I don’t really have a good answer for this one, if only because it makes so little sense to begin with: Manfred thinks that there is some sort of intrinsic value to winning a division, that the Mets, who are currently 4.5 games worse than the Pirates, are somehow more deserving of a playoff bid because the rest of the NL East is worse than the rest of the NL Central.
Others say they like the new format because the wildcard games create drama. Jayson Stark made this argument on ESPN in 2012.
“You can’t beat the drama of a win-or-go-home game — in any sport,” Stark said. “So try to envision how riveting it would be to begin the postseason with a game of that magnitude. One game — with the entire season riding on it. It’s March Madness with bats and balls.”
This is true to a certain extent, but the drama of the event is less exciting when you realize how arbitrary the whole thing is. There’s a famous moment in “Moneyball” when Michael Lewis points out that it would be very hard to tell the difference between a .300 hitter and a .275 hitter simply by watching them, because the .300 hitter would only, on average, get one more hit than the .275 hitter every two weeks, or every 40 at-bats. That is, the question of whether one baseball player is better than another cannot be determined by comparing their performances in one game; it has to be done by observing the patterns that develop over a lot of games.
Similarly, the only way to get a realistic idea of whether one baseball team is better than another is to observe their results over a series of games. To adapt Lewis’ example, imagine a team of .300 hitters playing a team of .275 hitters in the wildcard game. Also, suppose that the teams are equal in every other way. Teams usually get about 40 at-bats in a game, so you would expect the team of .300 hitters to get one more hit than the team of .275 hitters. That extra expected hit would be nothing more than a small advantage, and the .300 hitters — a better team — would have a significant chance of going home.
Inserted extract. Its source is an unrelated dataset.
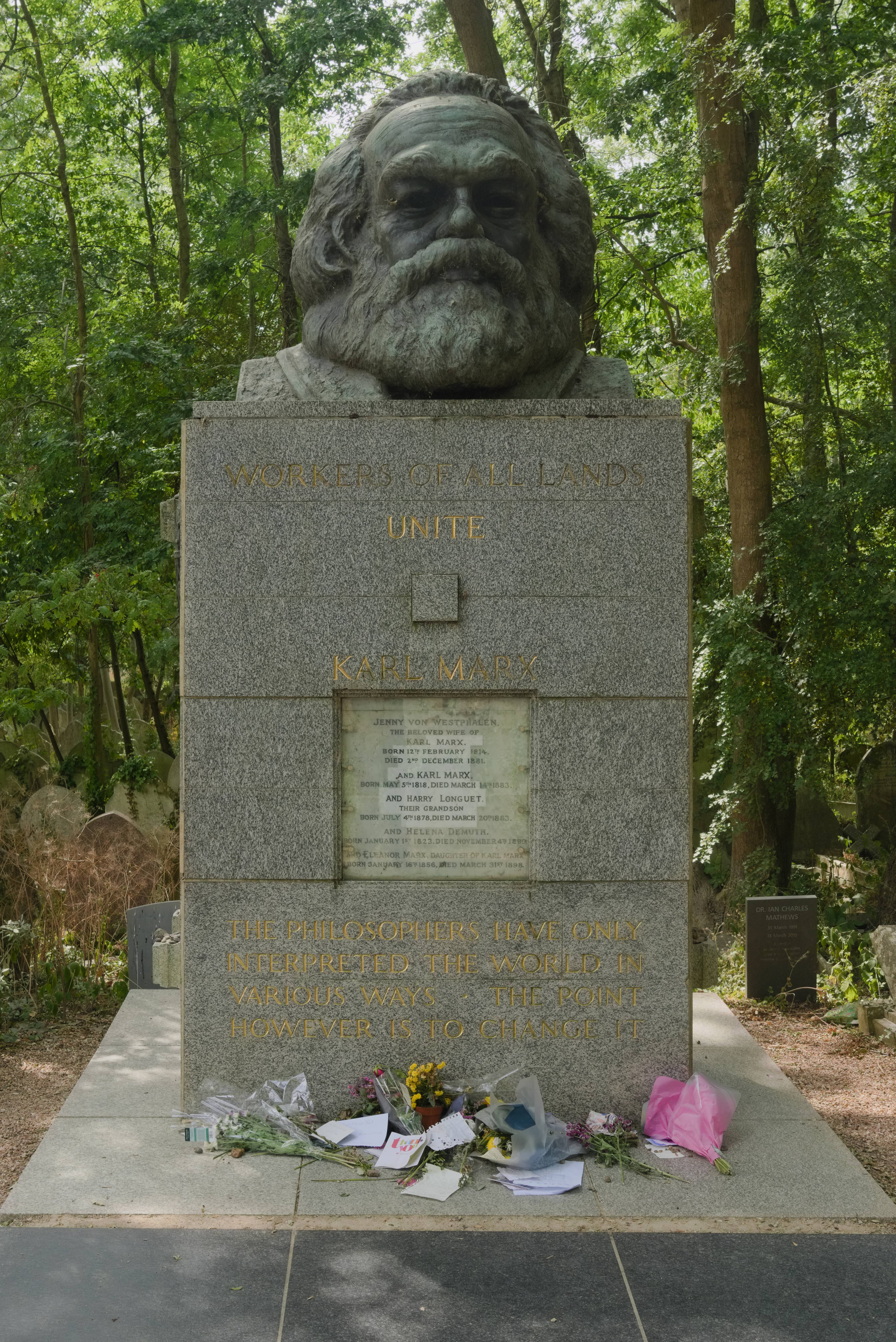 Karl Marx's Monumental Tomb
Therefore, the only way to determine with any certainty which team is better is to play a series of games; deciding the result of a team’s season based on one game is little better than deciding it with a coin flip. Fortunately, baseball teams spend the entire summer playing 162 games for that very purpose. Why not use those games to decide which teams get to go to the playoffs, instead of the relative crapshoot of a single game?
So, if the current system is so bad, what system should baseball adopt? One option is the old format, with only one wildcard. Another is the really old format: Until 1969, the only playoff series was the World Series, which simply pitted the best regular season NL team against the best regular season AL team. I’m partial to the really old format; a five-game series is less random than a one-game series, but not by that much. Of course, this would leave the Pirates out in the cold even more than the new format, because the Cardinals would just go straight to the World Series.
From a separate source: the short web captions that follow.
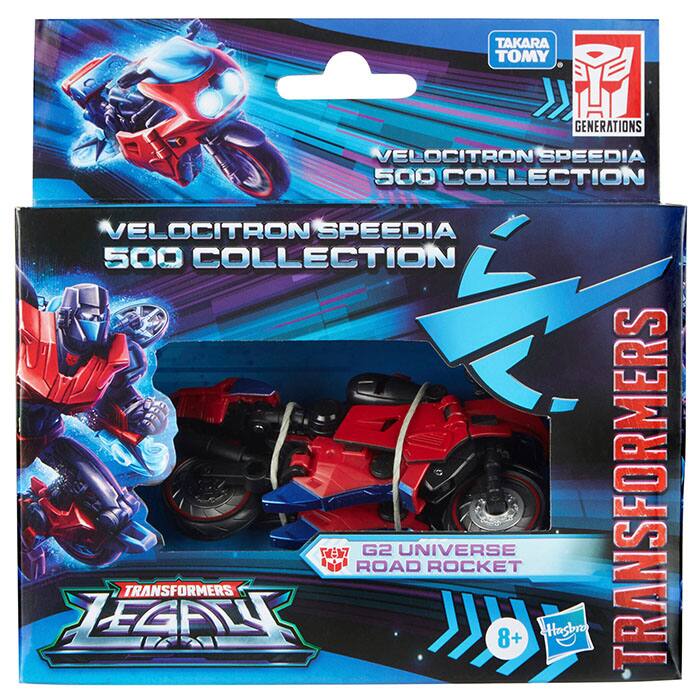 TAKARA TOMY GENERATIONS VELOCITRON SPEEDIA 500 COLLECTION  
VELOCITRON SPEEDIA 500 COLLECTION  
LESPN TRANSFORMERS  
G2 UNIVERSE ROAD ROCKET  
8+  
Hasbro TRANSFORMERS  
LEGACY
Grant Bisbee makes this point in an SB Nation post.
“You think screwed means that a team could lose a one-game playoff for a potential postseason berth?” he writes. “Teams throughout the long, harsh history of baseball laugh at you. The 1960s Giants averaged 91 wins for an entire decade, with rosters saturated with future Hall of Famers, and made the postseason once.”
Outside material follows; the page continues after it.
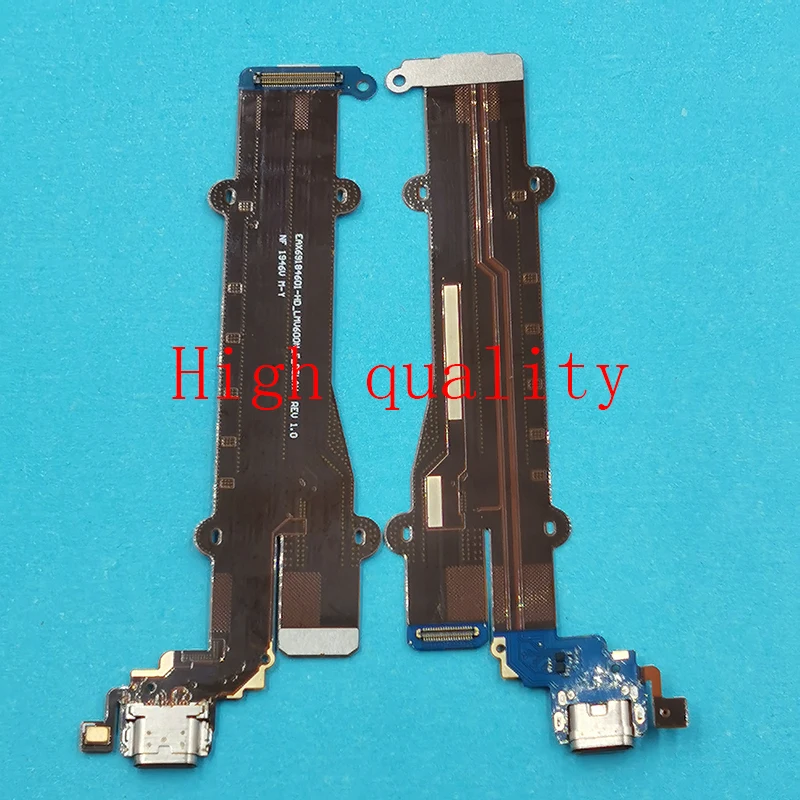 1pcs USB Charging Connector Flex Cable For LG V60 ThinQ 5G V600 EA V600TM V600AM LMV600N Charger Port Board With Mic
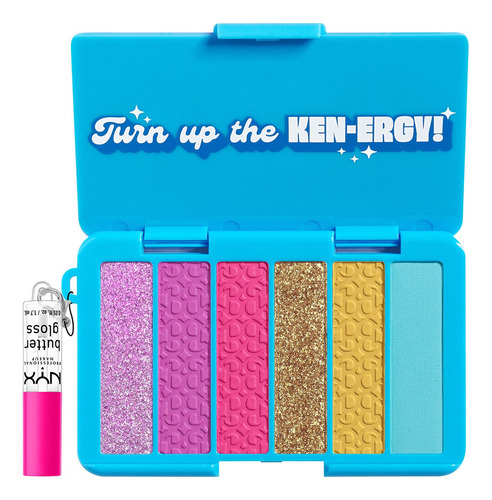 Paleta De Sombras Mini On The Go De Nyx Cosmetics Ken-ergy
His definition of “screwed” is completely wrong. The 1960s Giants missed the playoffs because other teams deserved the single available playoff spot more than they did. The 2015 Pirates will miss the playoffs because baseball’s convoluted system will award their spot to three teams with worse records, on the strength of a single game. If the Cardinals were the only team going to the playoffs from the NL, the Pirates could have no complaints, but as it is, they are getting screwed.